Higher education roundup

  • Universities across the country steer mandatory student fee proceeds and other privileges to intensely ideological Public Interest Research Groups [David Seidemann, City Journal; PIRG’s crucial role in backing the truly ghastly CPSIA law on children’s products] When a university shuts off this money spigot, does the First Amendment cut more in favor of the group’s right to go on collecting money, or the rights of “students compelled to fund advocacy with which they may not agree”? [Short Circuit, scroll to 14th item on Ninth Circuit decision in Arizona Students’ Association v.

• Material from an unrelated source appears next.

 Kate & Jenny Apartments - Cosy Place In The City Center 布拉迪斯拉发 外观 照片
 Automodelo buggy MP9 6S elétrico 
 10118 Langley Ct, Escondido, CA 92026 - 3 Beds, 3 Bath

Arizona Board of Regents]
  • Appeal to “personal experience, performance, and radical politics” changing college debate for the worse [John Hinderaker, PowerLine, 2014 (thanks commenter for spotting date)]
  • “The Perils of Writing a Provocative Email at Yale” [Conor Friedersdorf, The Atlantic, on Nicholas and Erika Christakis case at Yale; Paul Caron/TaxProf with more links] More: Identity, activism. and sensitivity on campus: Nathan Heller report from Oberlin [New Yorker]

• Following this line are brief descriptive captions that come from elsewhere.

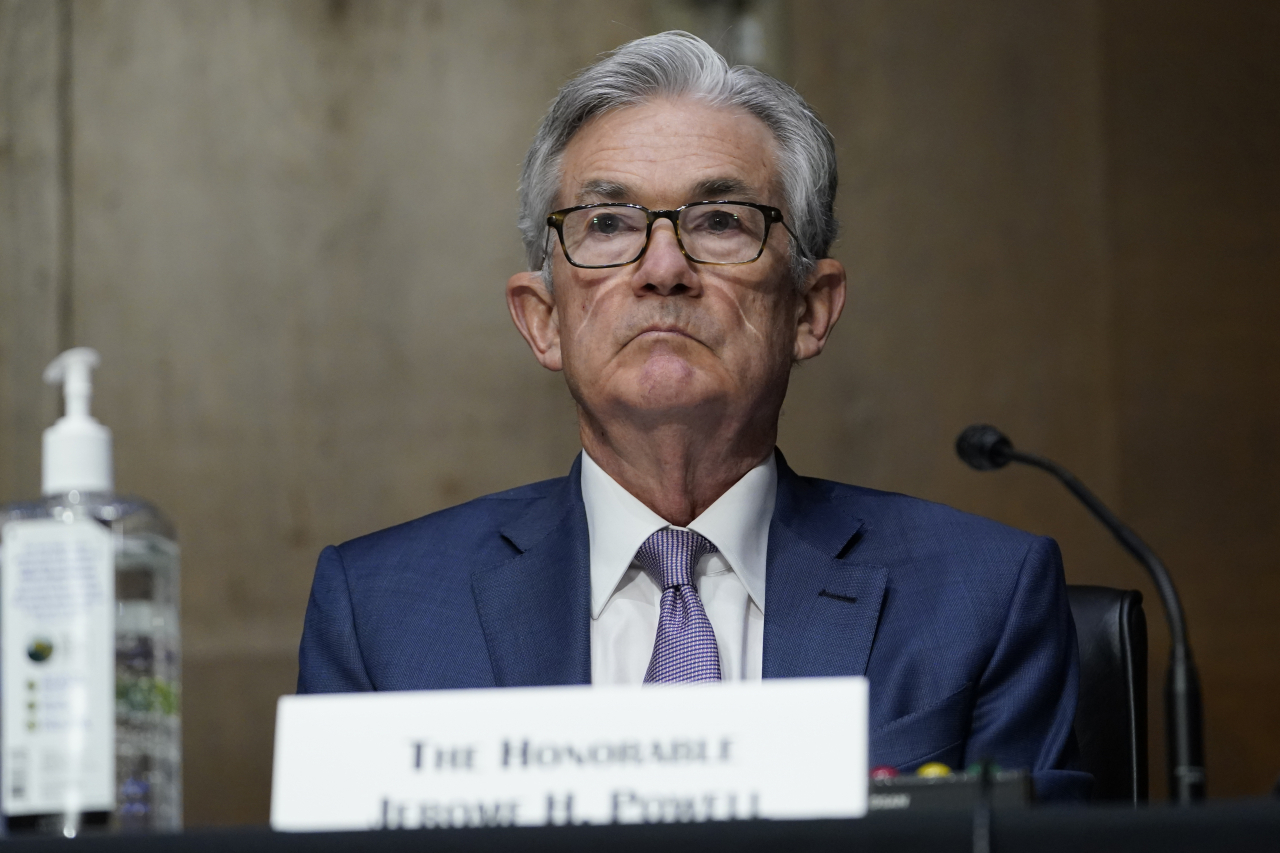제롬 파월 미국 연방준비제도(Fed·연준) 의장은 16일(현지시간) 연방공개시장위원회(FOMC)의 제로금리 유지 결정 후 기자회견에서 "테이퍼링(자산 매입 규모 축소) 문제를 논의할지에 대한 논의가 있었다고 볼 수 있다"고 말했다. 파월 의장이 이런 복잡한 표현을 사용한 것은 시장 불안을 의식했기 때문으로 보인다. 연준이 테이퍼링 축소에 대한 논의를 시작한다면 시장은 통화정책 변경의 신호로 받아들일 수 있다. 사진은 지난 2020년 12월 상원 은행위원회 청문회에 출석한 파월 의장. 연합뉴스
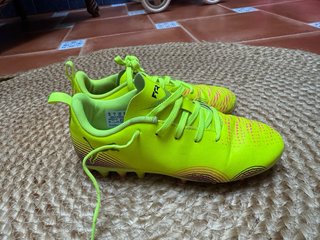 Botas futbol tacos Puma T32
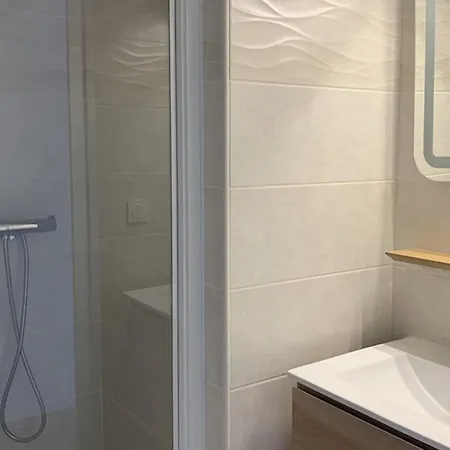 T2 : A 50m De La Plage, Proche Du Port, Jardinet Privatif, Ideal Familles - Fr-1-335-202 Apartment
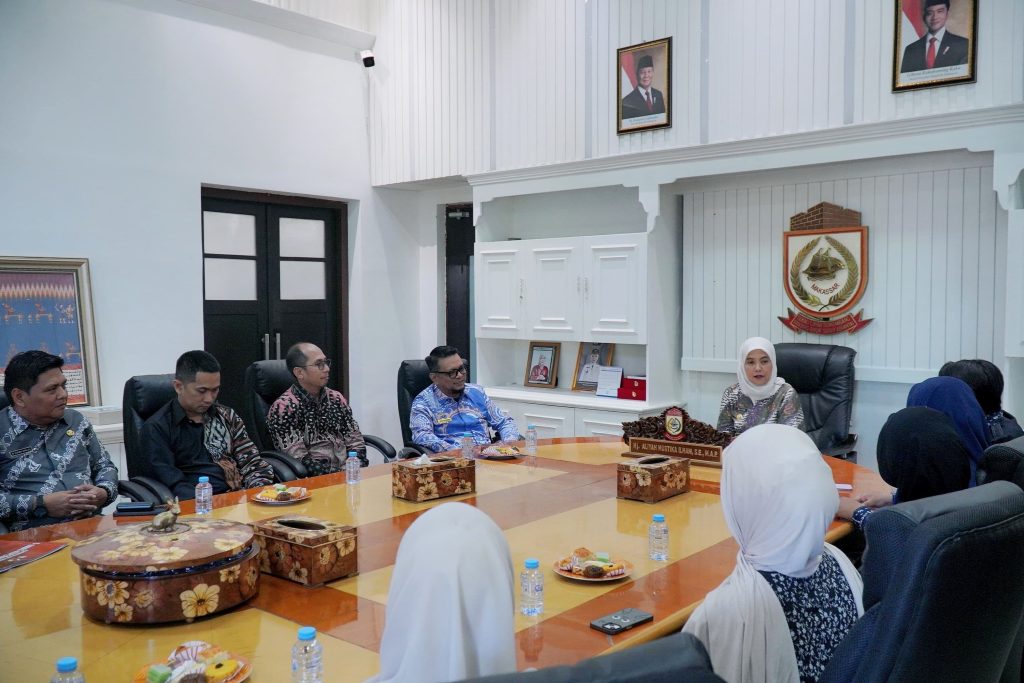Aliyah Mustika Ilham Apresiasi Gagasan Mahasiswa Unhas Lewat Kopma Fair 2025
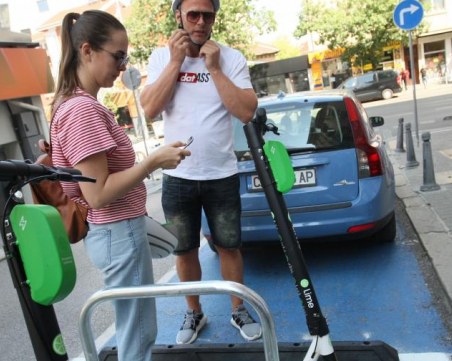 МВР иска книжки и каски за електрическите тротинетки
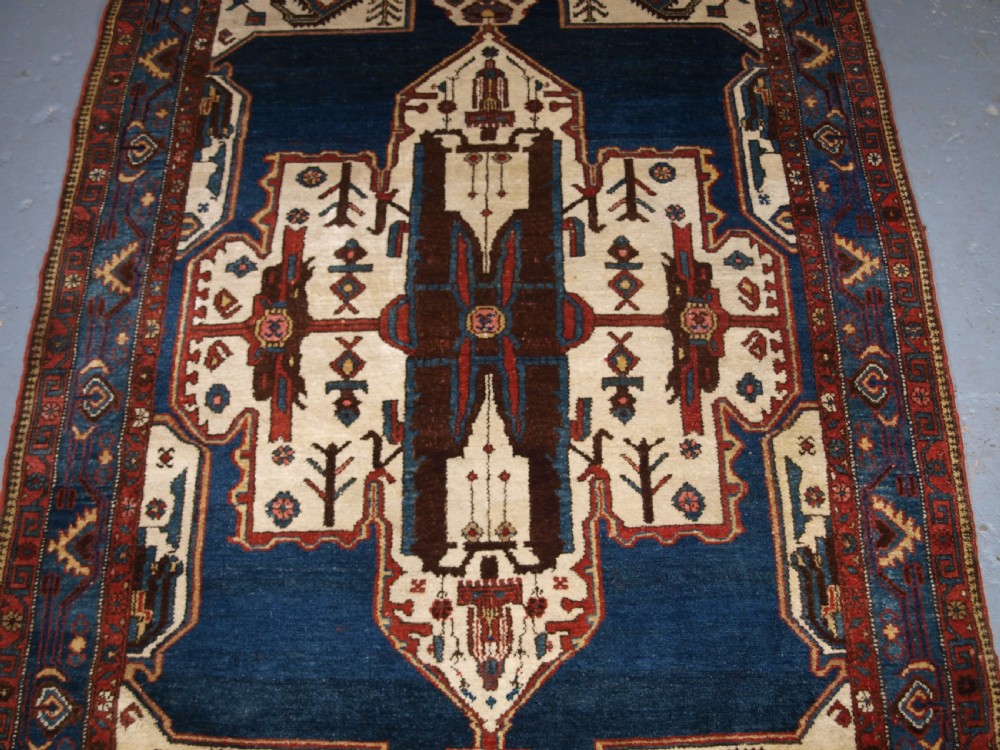 ANTIQUE HAMADAN REGION VILLAGE RUG, UNUSUAL DESIGN, CIRCA 1920. View IV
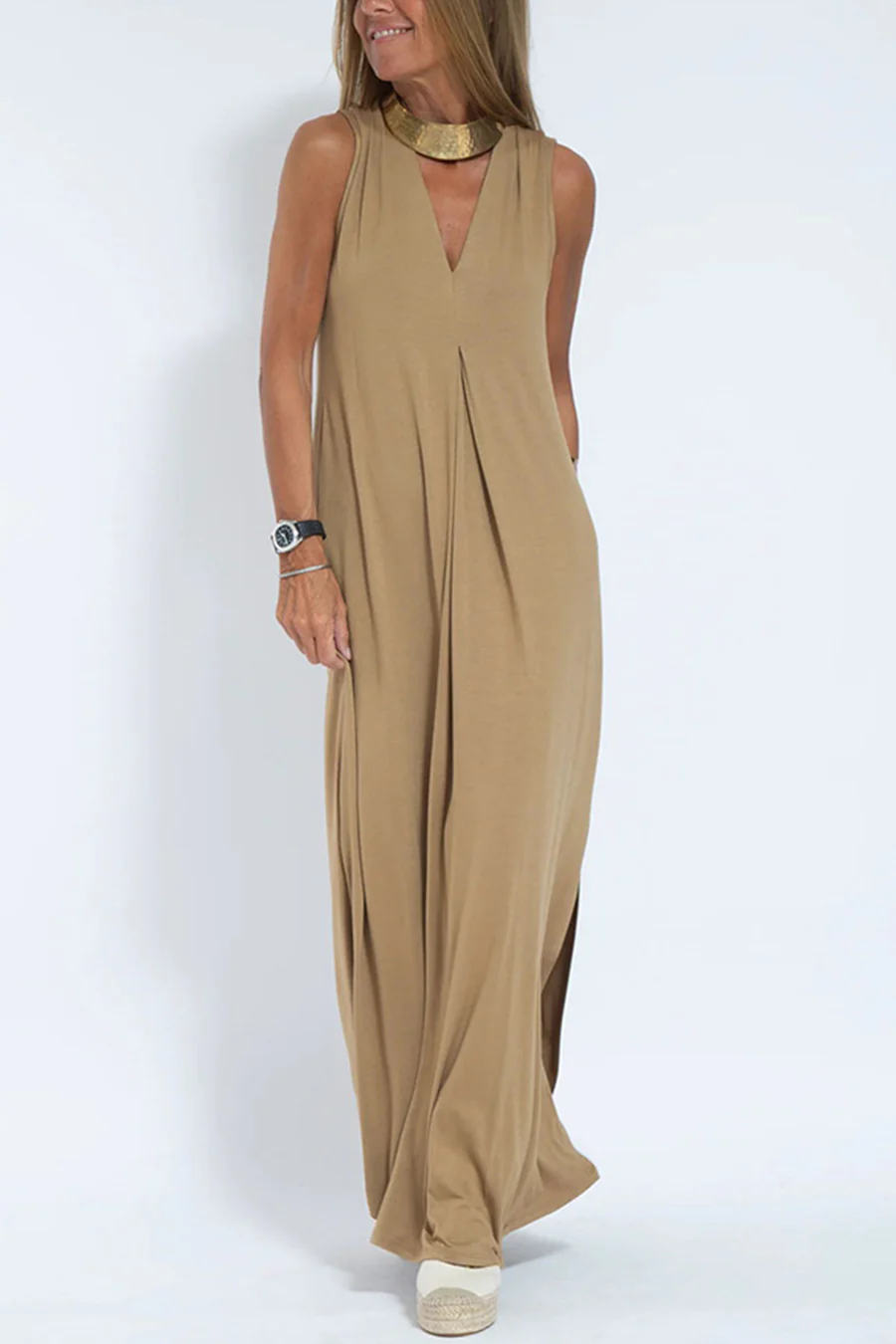 Sleeveless Solid Color Maxi Dress for an Elegant and Comfortable Style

  • Government is our provider: new push to extend school feeding program into community colleges [George Leef, Pope Center]
  • University of Northern Colorado: “‘Bias Response Team’ Threatened Prof To Change His Lessons” [Jillian Kay Melchior, Heat Street] Candidates for tenure at Pomona College will need to explain what they are doing to promote diversity in classroom [Inside Higher Ed]

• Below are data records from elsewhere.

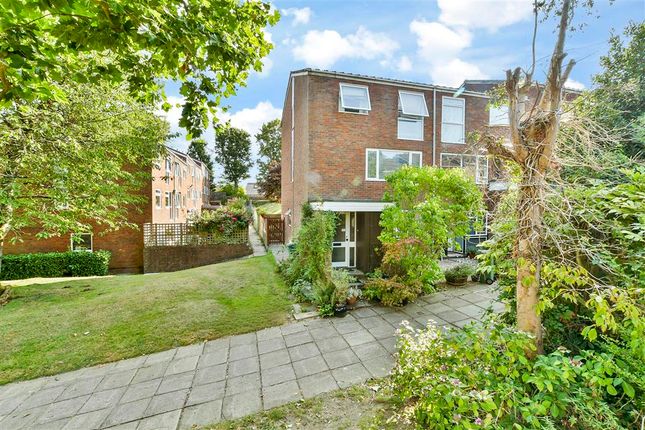 Harrison Close, Reigate, Surrey 2 bed maisonette for sale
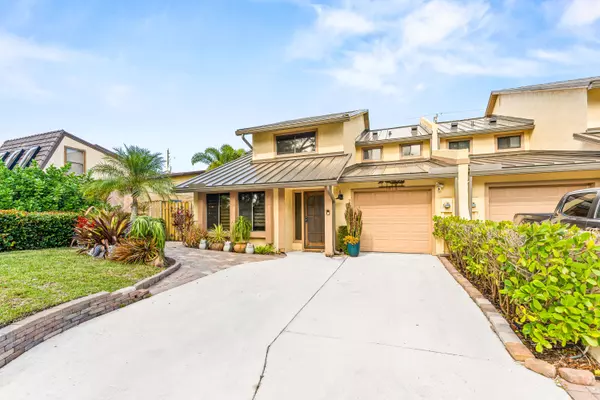 Palm Beach Gardens, FL 33410,1075 Raintree LN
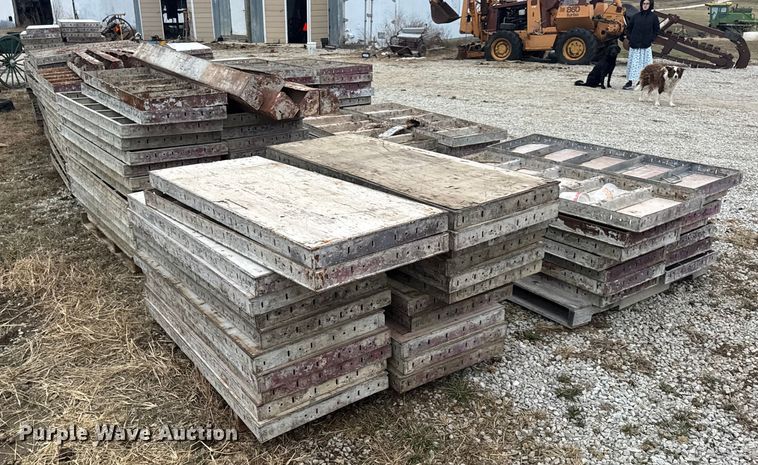 image for item EN0795 Approximately 200 concrete forms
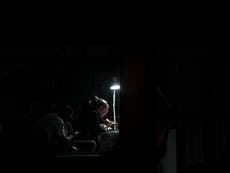 La crisis energética de Ecuador y la falta de una solución clara se cuelan en las elecciones de 2025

  • “When Social Justice Education Is Mandatory, But Math Is Not” [Robby Soave; University of Massachusetts, Amherst]

2 Comments

  • I agree with Hinderaker’s take on the decline of “debate,” but how did this 2014 article work its way into the July 2016 blog? I was going to run with it with righteous indignation on my own social media, until I saw that it was a story I heard about 2 years ago.

  • Thanks for spotting the date, which had slipped completely by me when I ran across the piece via someone’s recent link. Added a note to that effect.